I buy it with good intentions, but good intentions don’t preserve lettuce. It usually dies in my refrigerator crisper.
For years I ate a salad every day. Every. Day. Trust me, if you do that—or eat anything every day (except maybe chocolate, cheese, and bread)—you’ll get bored.
I ate salad because I told myself it was good for me, and physically speaking, it is good when you consider salad from its basic nutritional level (sans all the stuff that make it tasty, like croutons and ranch dressing, or if you’re in western Pennsylvania, French fries).
I also ate a salad every day because I told myself that if I didn’t, I would gain a whole bunch of weight and show the world what an impulsive, undisciplined person I was.
Because of other people. Yeah…that’s a reason to eat salad every day.
What is real and what is true are often different things, and I’ve learned over the years (thanks in large part to Buddhist teacher and psychologist Tara Brach) that undergirding what I believe to be real is usually fear, which is not easy to admit, let alone deal with. In the case of eating salad every day, what was true had nothing to do with outward appearances and everything to do with my fear of losing control of my body.
Here’s another example, something I experienced and wrote about in my personal journal prior to my hip replacement a few years ago:
“I woke up this morning feeling deeply sad and frustrated. I’d had a terrible dream, and it took me a few minutes after I woke up to realize it wasn’t real. Yet it set the tone for the morning.
“After breakfast, I put laundry in the wash, loaded dishes in the dishwasher, and started vacuuming. My left hip kept threatening to toss me on the floor with every step. When I needed to change attachments to vacuum the bathroom floor, I couldn’t disconnect one of the hoses. I tried, failed, and cursed a few times before I threw myself against the wall and cried. I thought I was crying because I couldn’t change the hose and because my hip hurt, but they were just catalysts. In and of themselves, hip pain and vacuum attachment failures wouldn’t make me cry. Make me angry, yes. But I also felt empty, and as I cried, I felt an even larger emptiness rise up; an indescribable loneliness.

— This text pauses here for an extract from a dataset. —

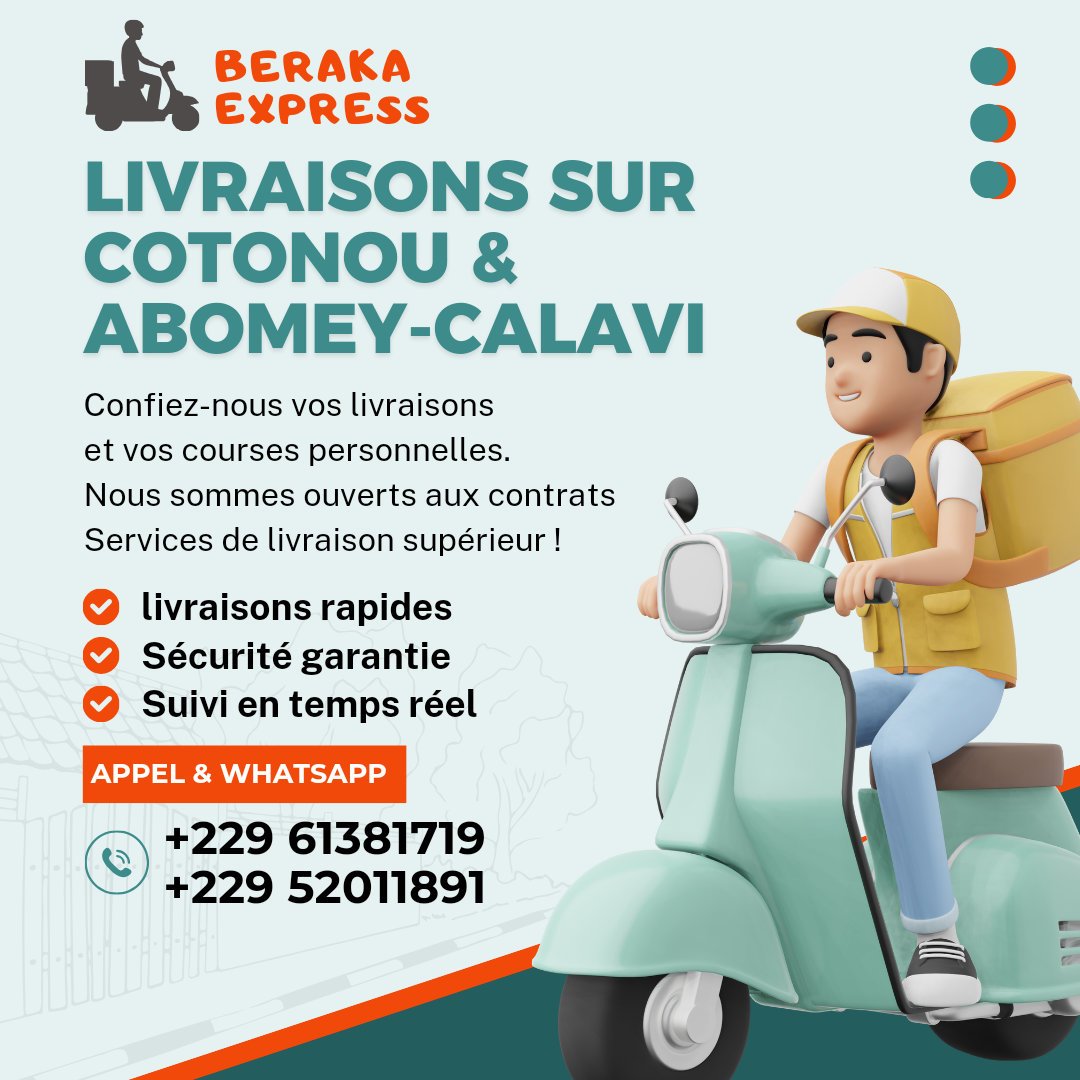 Promotion produit / service — com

“I took a deep breath and did a brief inquiry, and I figured out that I was crying because I couldn’t stop thinking about how last night, I witnessed a tender moment between an adult daughter and her mother. A simple thing, really. The daughter and mother were talking and laughing with each other in that way parents and children do when they truly like each other and enjoy each other’s company. I realized that what was true and causing the tears was not the hip pain and the vacuum snafu. That stuff was real. What was true was I miss my daughters and was frustrated that I don’t live closer to them, and I was sad that I don’t and will never have that same kind of intimacy with my own mother.”
Parsing that was hard, but it taught me a valuable lesson about my fear of facing tough truths.
Individually and collectively, when we cling to and act on what we think is real, but is not true—whether it’s our political, religious, or medical beliefs, or opinions of others based on their race, sexual orientation, or gender identification—it’s because of fear. What’s true is that it’s not possible to hate or disregard someone who doesn’t pray or look like you, or to take advantage of or purposely hurt someone, unless you’re afraid of losing something.
Imagine if those in power investigated their fears, and then acted within the scope of what is true instead of what they believe is real. The fear of losing money, influence, and control are at the forefront of many of their decisions and actions, and the damage it’s causing is going to take years to undo.
This doesn’t mean as individuals we are impotent. We have greater influence than we realize. Because our personal concerns and belief systems mingle and coalesce with the world, they affect the world in many ways, large and small. When we take personal inventory and contemplate what we think is real, and discover if it merely supports an ideology born of fear or if it’s actually true, we can act from a place of understanding and change our world.
Namaste, my friends. May we all be free from suffering.